It was there we met the broader ecumenical community, many of whom were already well established on UNISON. This experience showed us how rich it an ecumenical exchange could be. The growth of new groups quickly raised the suggestion that we organize ourselves as an ecumenical coalition.
THE FORMATION OF ECUNET, INC.
I credit, David Lochhead, for suggesting that we organize ourselves under the title, ECUNET. That was a phrase that grew as we began using it on the UNISON system.Later that year (1986), the UNISON system became involved in an ownership issue. This caused a great deal of concern over the future of Ecunet, Inc. on Unison, and a group was delegated to explore potential new homes. The "scouts" eventually recommended a move to a system based out of Hartford, Connecticut, using the same "Participate" software we had worked with on UNISON. The system is known as NWI for Networking World Industries.

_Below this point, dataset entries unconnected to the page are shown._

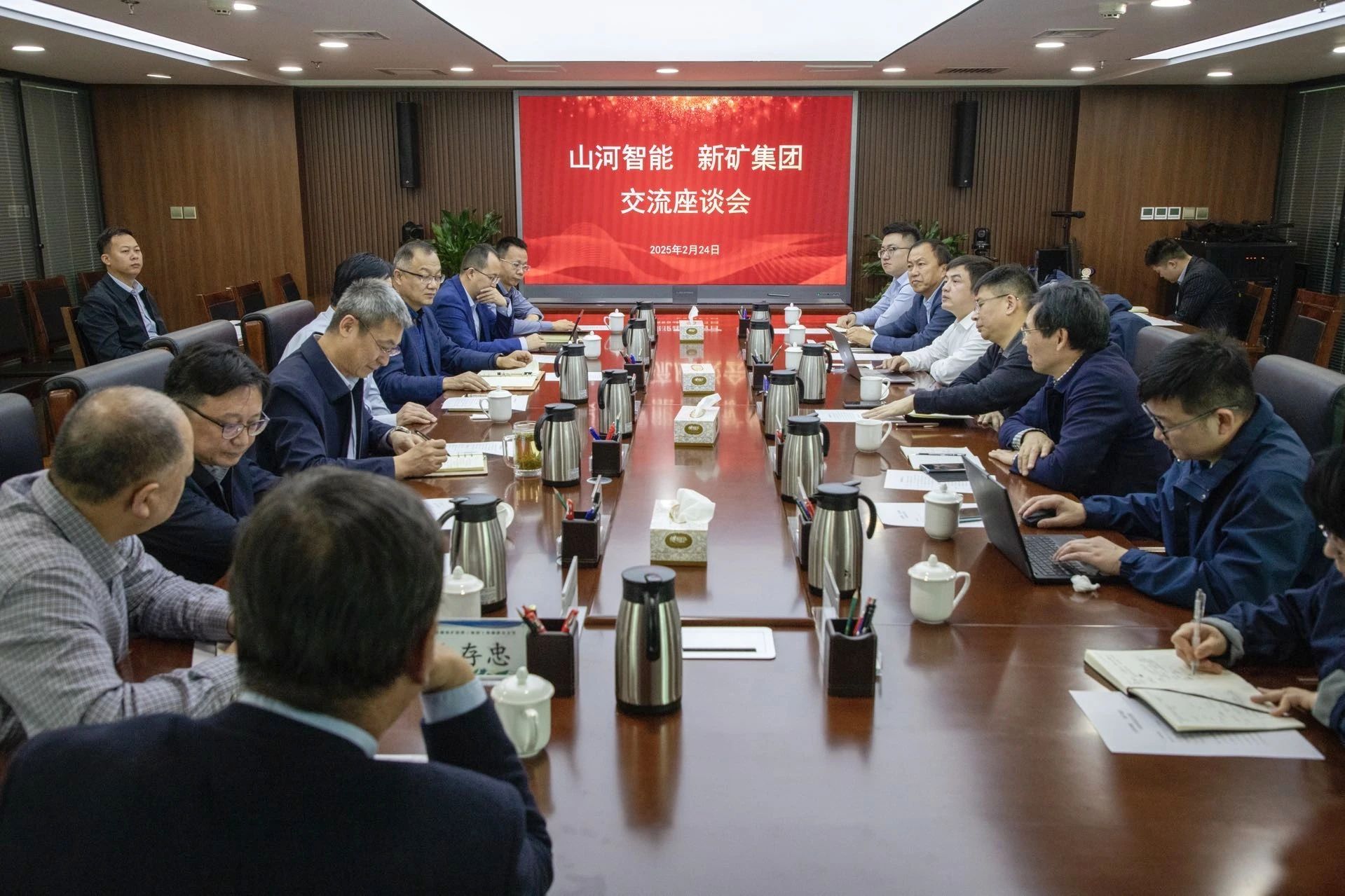 共筑智慧矿山，，，，，恒峰g22智能董事长付向东率队赴新疆造访新矿集团、八钢矿业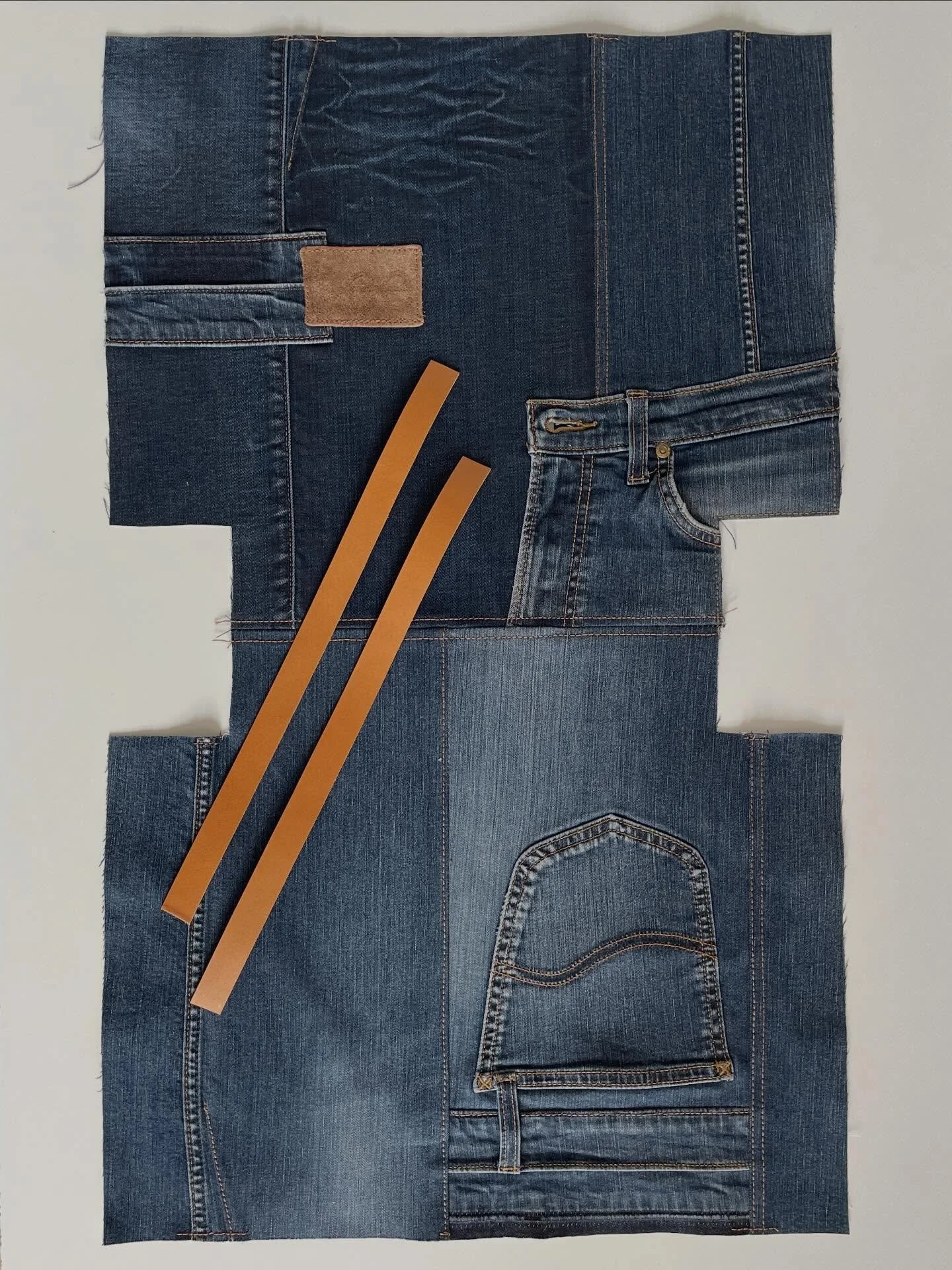 Do you have a pair of favorite jeans that are maybe a bit too worn in places, or perhaps they no longer fit as they used to? Don&rsquo;t get rid of them! Instead, turn them into a stylish tote and enjoy them for many more years to come 😁.

Check out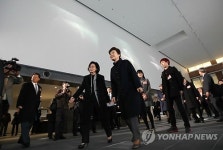 미술관 둘러보는 박 대통령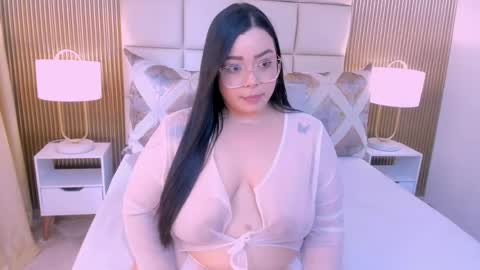 Abi wuw online show from 05-21-26, 07:43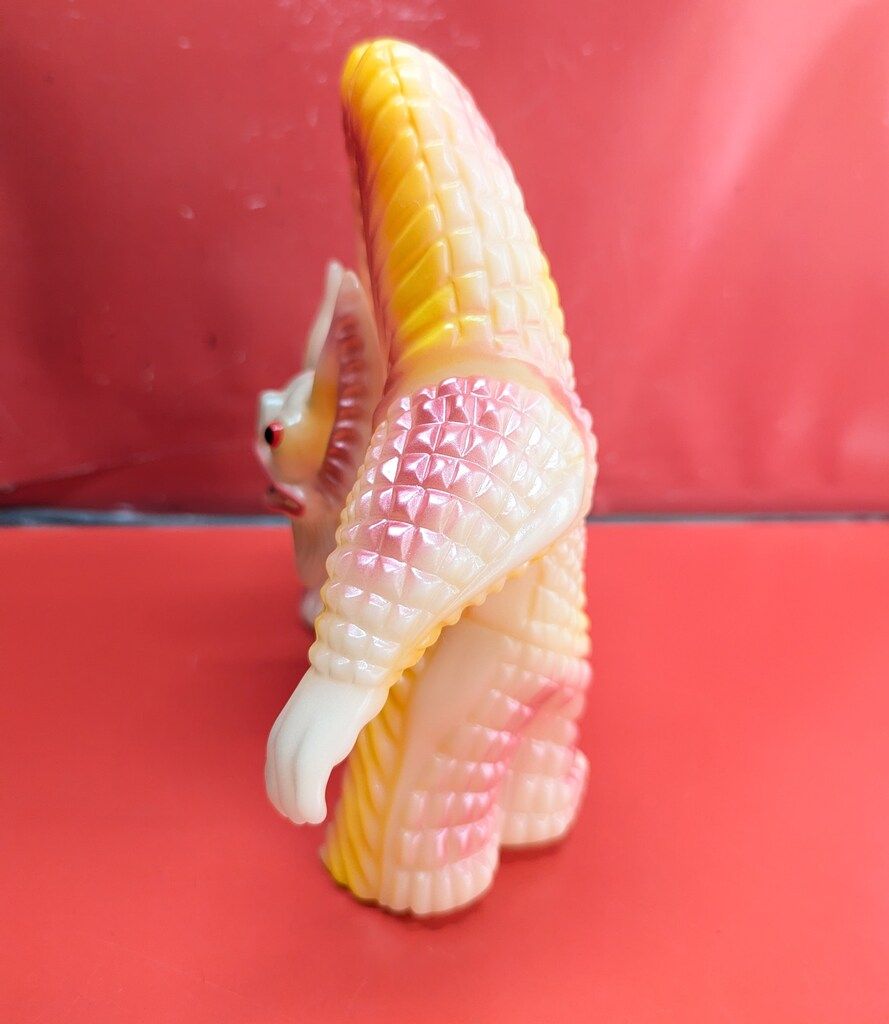 M1号 世紀の大怪獣 ペスター蓄光 イリサワ限定 M1号 ペスター ソフビ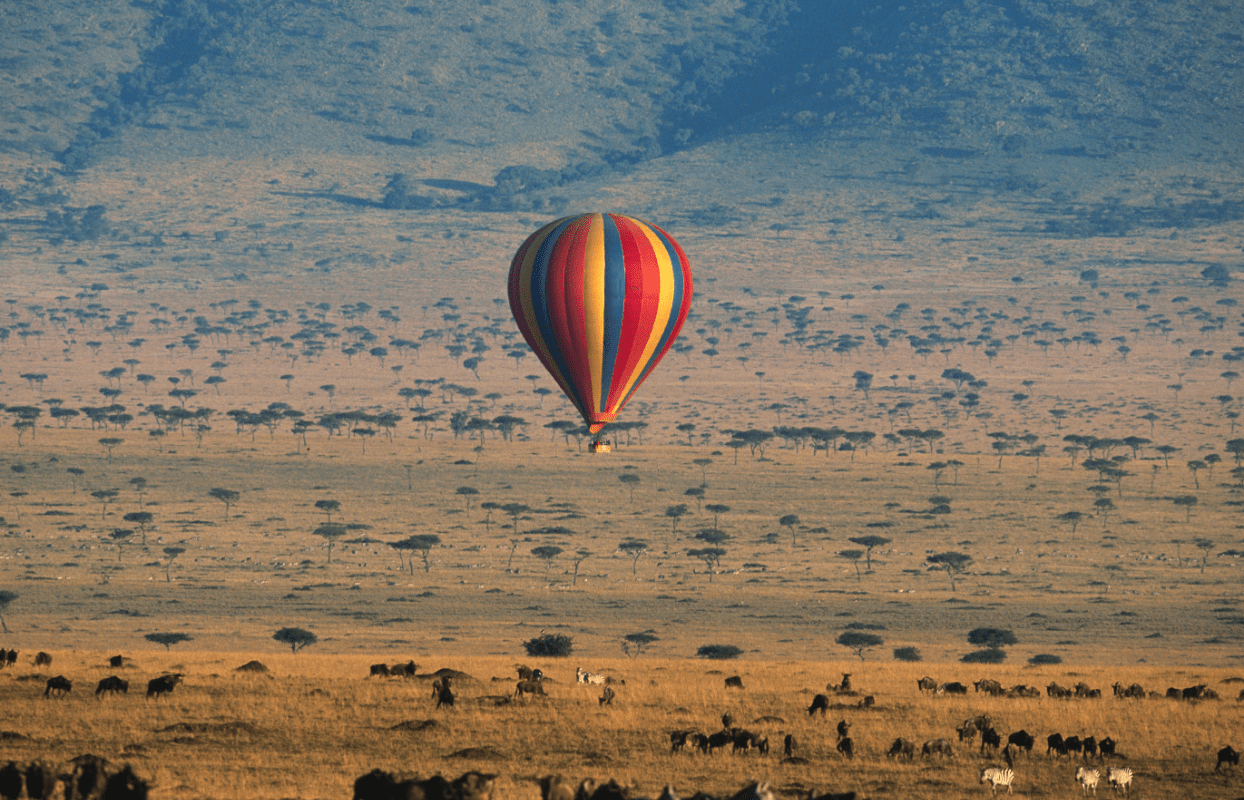 Gallery Slider - View of Tourist Balloon above Desert Wildlife Sustainable Safaris Africa - Destinations - Kenya - View of Tourist Balloon above Desert Wildlife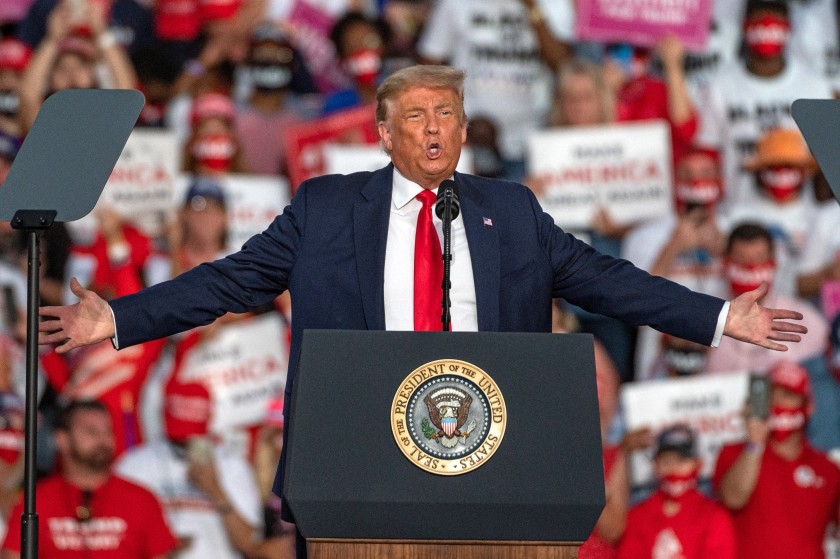 Trump acusado de retener secretos nucleares y obstruir a la justicia en EU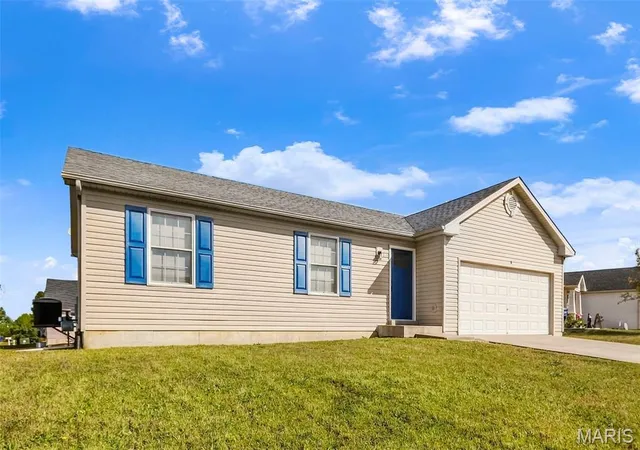 Photo 3 of Single family home for sale at 5 Rockford Ct, Troy, MO 63379 | MLS# MIS26063032 | Listing updated on 2026-10-05
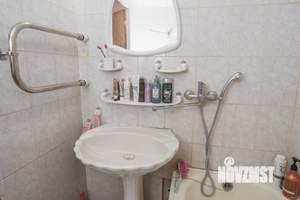 3-к квартира, вторичка, 68м2, 8/9 этаж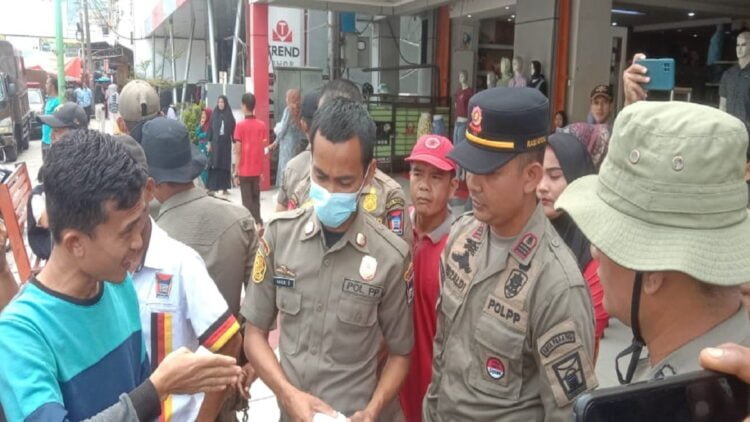 Adu argumen petugas Satpol PP Padang dengan pedagang di Pasar Raya pada Senin (6/2/2023) siang. (Foto: Radarsumbar.com / Muhammad Aidil)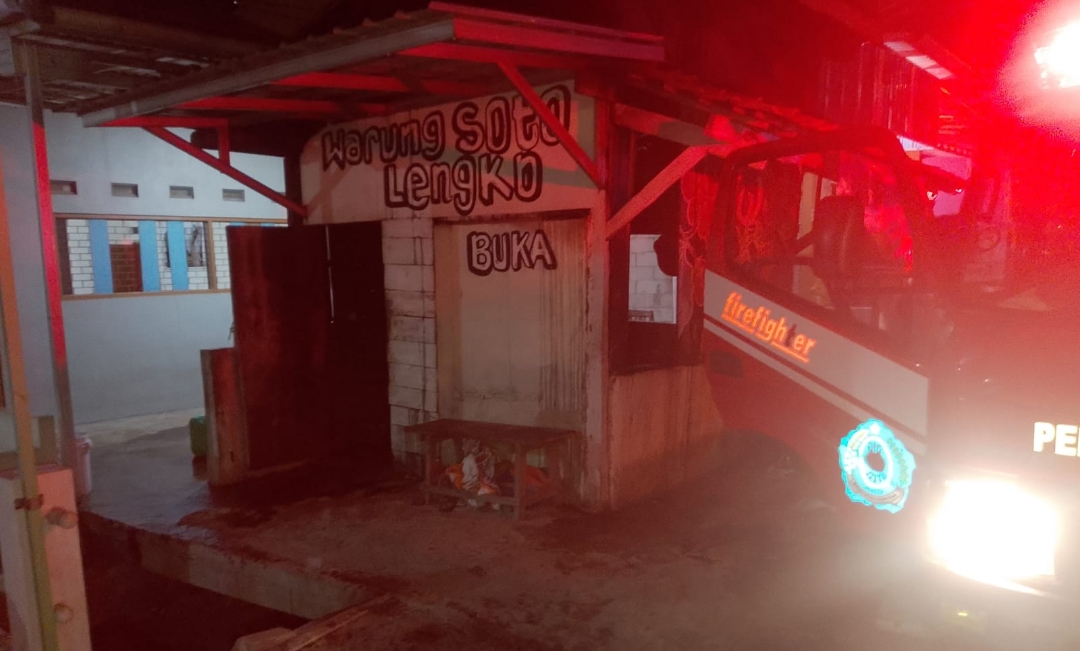 Kebakaran Dapur Soto Padasugih Brebes: Diduga Akibat Tungku Kayu, Api Padam dalam 24 Menit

The move to the new system gave us another opportunity. We agreed to reorganize and come online with an "ECUNET format" rather than move over as a happenstance collection of meetings.
We asked David Lochhead to be our "Gatekeeper" and sent our ideas for new networks and new discussions to him. He laid out a format that includes an Ecunet greeting when you call NWI. As the system is now arranged each group is able to have its own identity. Our intention is to greet each new user with an Ecunet and Denominational greeting. If you sign on as a Disciple you will be greeted by a Disciple welcome, a Presbyterian on Ecunet's "Pnet" is channelled into the Presbyterian area. There is a layout of denominational intentionality.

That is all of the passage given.